Varoufakis bleibt vage Einigung in den nächsten Wochen

„Unser Ziel ist es, zu einer Abmachung zu kommen.“

Brüssel – Der im Kreis der Europartner umstrittene griechische Finanzminister Gianis Varoufakis legt sich nicht darauf fest, wann eine Einigung mit den Geldgebern über Reformen möglich ist.

„Ich vertraue darauf, dass eine Vereinbarung in den nächsten Tagen oder Wochen in Sicht sein wird“, sagte Varoufakis am Donnerstag in Brüssel bei einer Diskussionsveranstaltung. Am kommenden Montag werden die Euro-Finanzminister wieder über Griechenland beraten.

„Unser Ziel ist es, zu einer Abmachung zu kommen“, so Varoufakis. Es gebe viele Gemeinsamkeiten zwischen Athen und den Geldgebern. Experten verhandeln über ein Reformpaket, das Voraussetzung ist für die Freigabe von 7,2 Milliarden Euro Hilfsgeldern.

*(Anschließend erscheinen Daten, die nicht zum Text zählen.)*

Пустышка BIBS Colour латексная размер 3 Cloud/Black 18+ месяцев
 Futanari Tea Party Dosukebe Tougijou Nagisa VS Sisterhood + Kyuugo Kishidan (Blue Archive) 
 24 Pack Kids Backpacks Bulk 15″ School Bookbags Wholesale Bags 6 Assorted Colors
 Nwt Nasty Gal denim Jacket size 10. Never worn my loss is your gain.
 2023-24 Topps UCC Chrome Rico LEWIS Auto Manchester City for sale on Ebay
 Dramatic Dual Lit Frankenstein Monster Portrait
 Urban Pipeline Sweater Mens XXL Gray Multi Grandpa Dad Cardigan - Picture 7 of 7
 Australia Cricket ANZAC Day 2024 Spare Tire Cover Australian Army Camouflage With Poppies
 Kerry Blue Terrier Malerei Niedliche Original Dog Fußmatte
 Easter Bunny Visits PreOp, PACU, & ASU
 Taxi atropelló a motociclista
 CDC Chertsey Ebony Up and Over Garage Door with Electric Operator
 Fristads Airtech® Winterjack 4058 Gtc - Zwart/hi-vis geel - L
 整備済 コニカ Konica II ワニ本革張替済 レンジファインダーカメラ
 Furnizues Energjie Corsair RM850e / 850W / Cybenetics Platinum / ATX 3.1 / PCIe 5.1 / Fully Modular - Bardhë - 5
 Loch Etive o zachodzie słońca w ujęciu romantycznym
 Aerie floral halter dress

Varoufakis versicherte, sein Land werde fällige Kredite an den Internationalen Währungsfonds (IWF) zurückzahlen. Die Euro-Finanzminister hatten Varoufakis vor zwei Wochen in Riga in ungewöhnlich deutlicher und undiplomatischer Weise unter Druck gesetzt, die Verhandlungen abzuschließen.

Der französische Finanzminister Michel Sapin sagte im Europaparlament, er erwarte am Montag keine endgültige Einigung mit Athen. „Aber ich wünsche, (…) dass der 11. Mai ein positiver Tag sein wird.“ Es solle deutlich werden, dass eine Einigung „vor uns liegt“.